Molecular theory of elastic constants of liquid crystals. II. Application to the biaxial nematic phase.

Abstract

The expression of distortion free energy derived in our earlier paper [Phys. Rev. A 45, 974 (1992)] is used to derive expressions for the 12 elastic constants of a biaxial nematic phase. These expressions are written in terms of order parameters characterizing the nature and amount of ordering in the phase and the structural parameters which involve the generalized spherical-harmonic coefficients of the direct pair correlation function of an effective isotropic liquid, the density of which is determined using a criterion of the weighted density-functional formalism.

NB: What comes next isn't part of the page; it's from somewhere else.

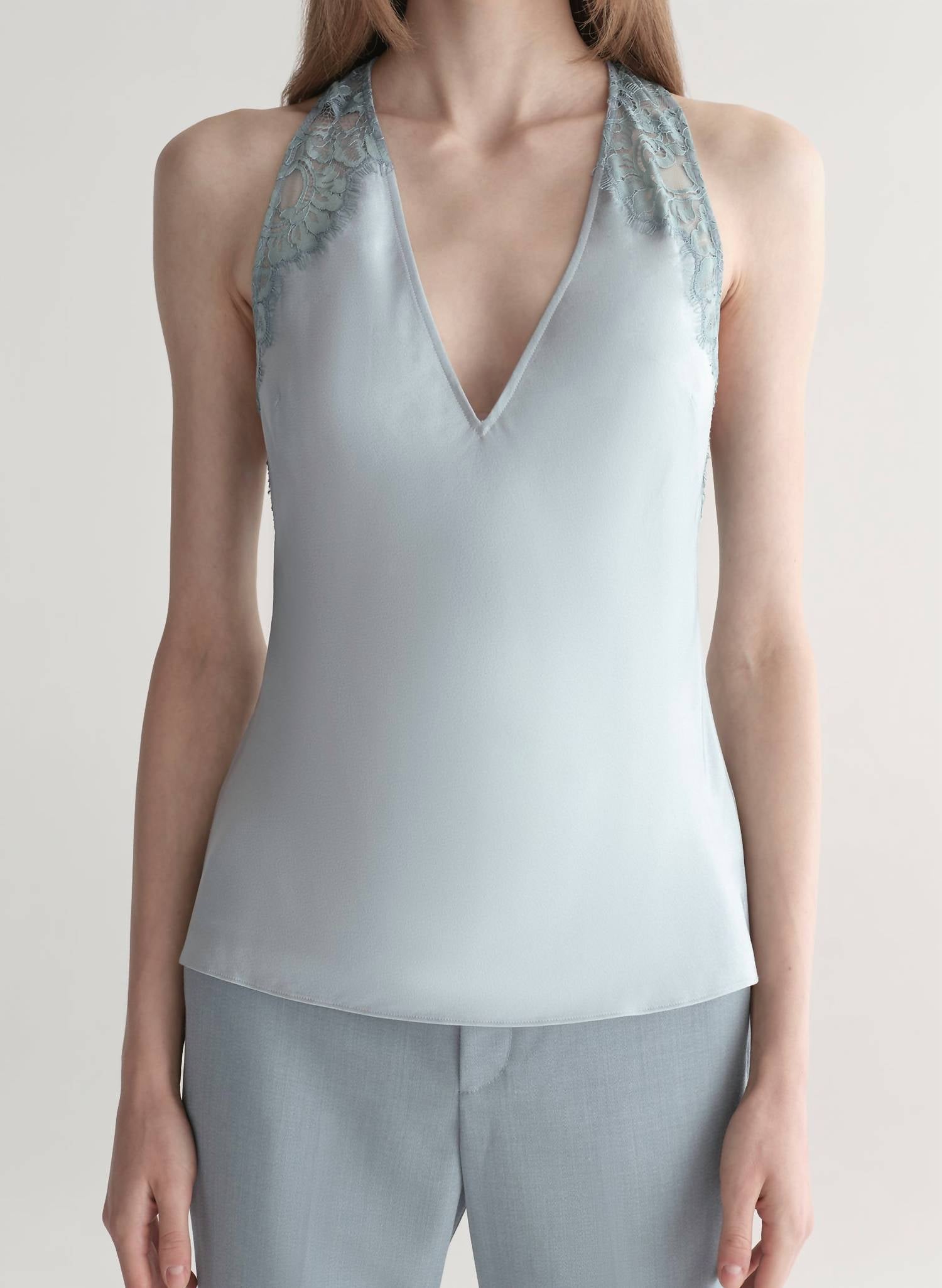 A.L.C. - Wes Satin And Lace Top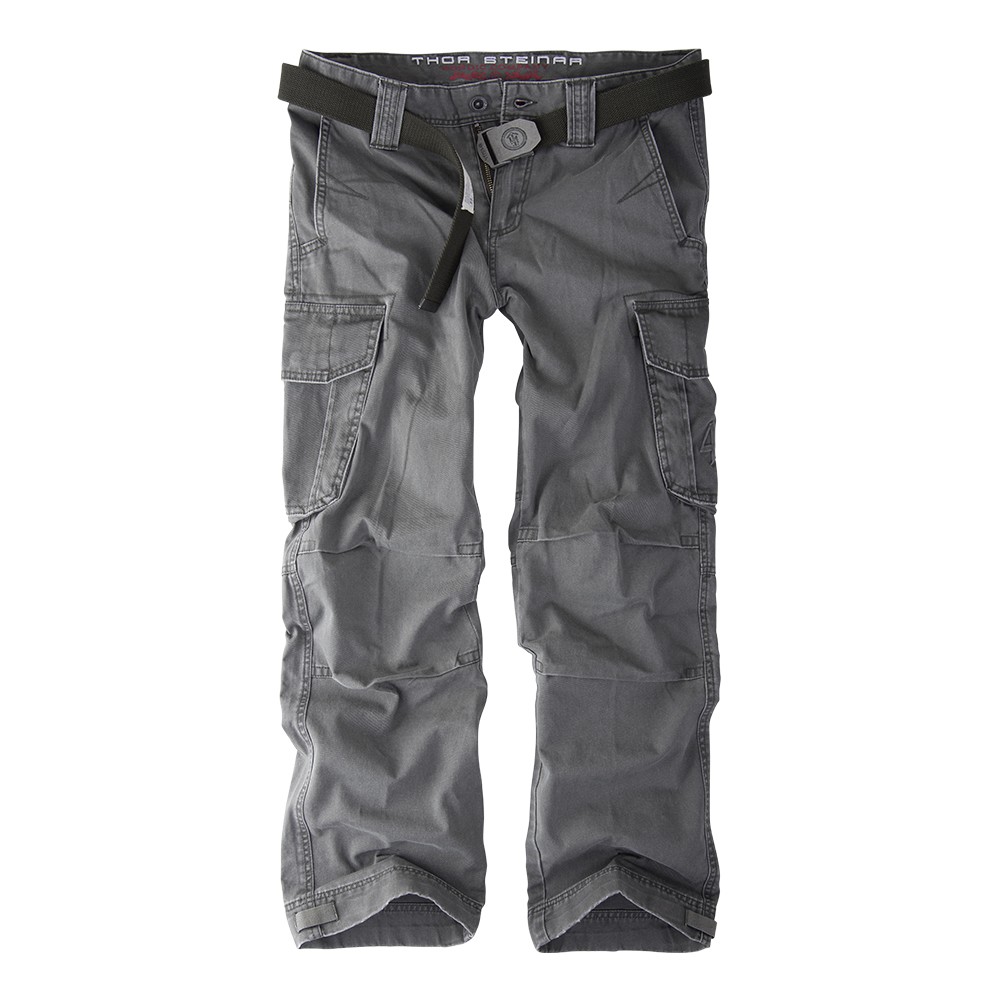 CARGOHOSE STEINTHOR OLIV (O. GÜRTEL)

Using a reasonable guess for the values of the order and structural parameters we estimate the relative magnitudes of these constants. The values of three constants, which are associated with the deformations confined to a plane perpendicular to the principal director N Λ , are (three or four) orders of magnitude smaller than the other constants. Two of the three mixed modes which arise because of biaxial ordering and vanish in the uniaxial phase are also about one order of magnitude smaller than other constants. In going from the uniaxial to the biaxial phase each constant associated with splay, twist, and bend splits into two and a mixed mode which in the uniaxial phase is just equal to the difference of splay and twist becomes a new constant. It is shown that the contributions to elastic constants arising from biaxial ordering and the departure from the axial molecular symmetry are small.